======== RAW DATA

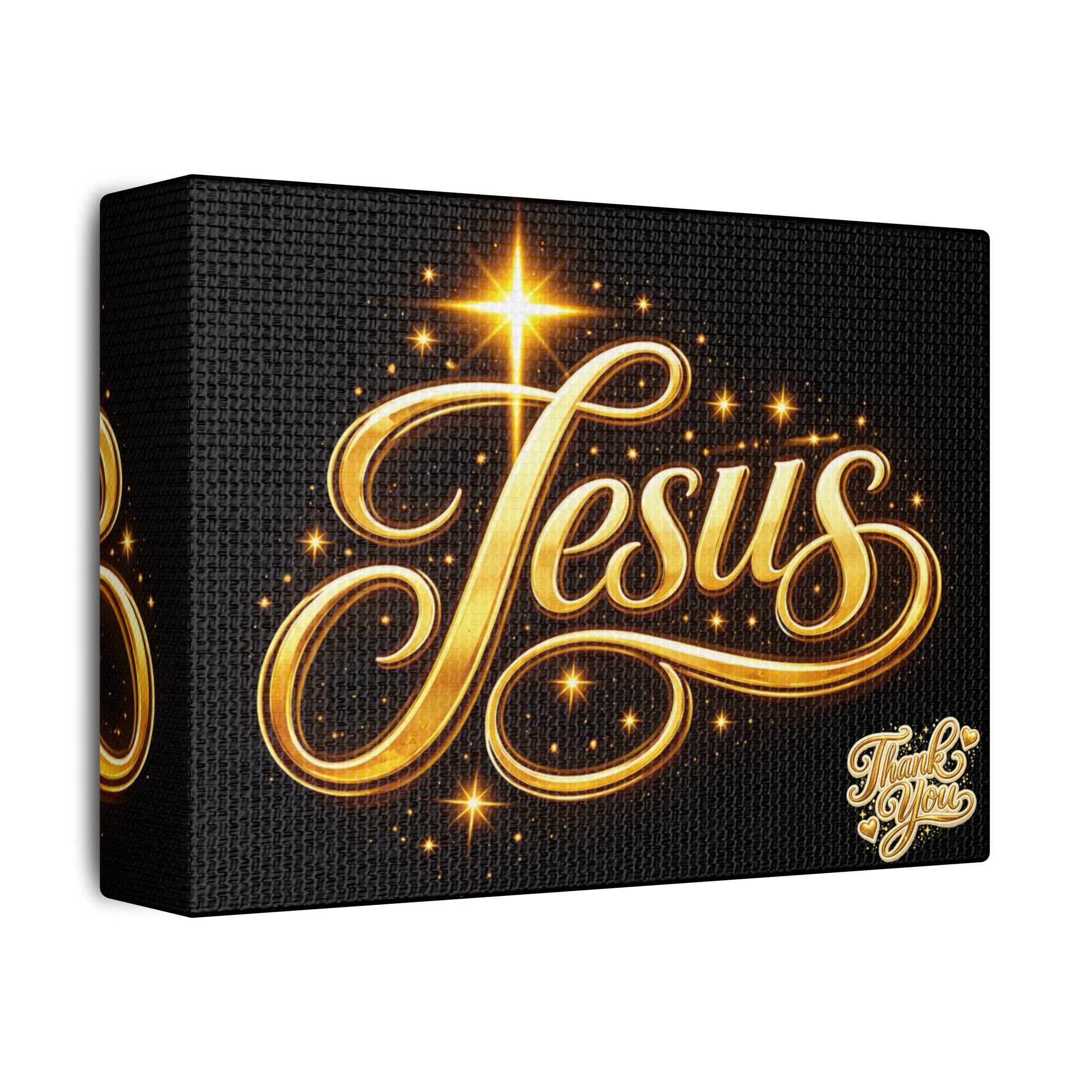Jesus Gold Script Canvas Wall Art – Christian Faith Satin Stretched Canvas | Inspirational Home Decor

================
======== RAW DATA

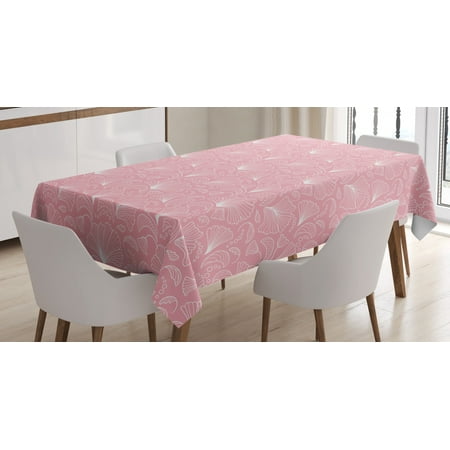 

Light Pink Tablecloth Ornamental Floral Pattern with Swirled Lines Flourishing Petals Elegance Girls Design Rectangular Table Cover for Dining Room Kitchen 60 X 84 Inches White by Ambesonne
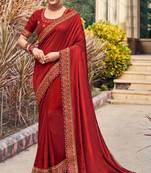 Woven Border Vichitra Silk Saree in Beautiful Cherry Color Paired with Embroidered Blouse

================

PROBLEM TO WORK ON - Copy back exactly the lines above from the one containing "Light Pink Tablecloth" through the one containing "Woven Border Vichitra", and leave every picture behind.

EXERCISE ANSWER -
Light Pink Tablecloth Ornamental Floral Pattern with Swirled Lines Flourishing Petals Elegance Girls Design Rectangular Table Cover for Dining Room Kitchen 60 X 84 Inches White by Ambesonne
 Woven Border Vichitra Silk Saree in Beautiful Cherry Color Paired with Embroidered Blouse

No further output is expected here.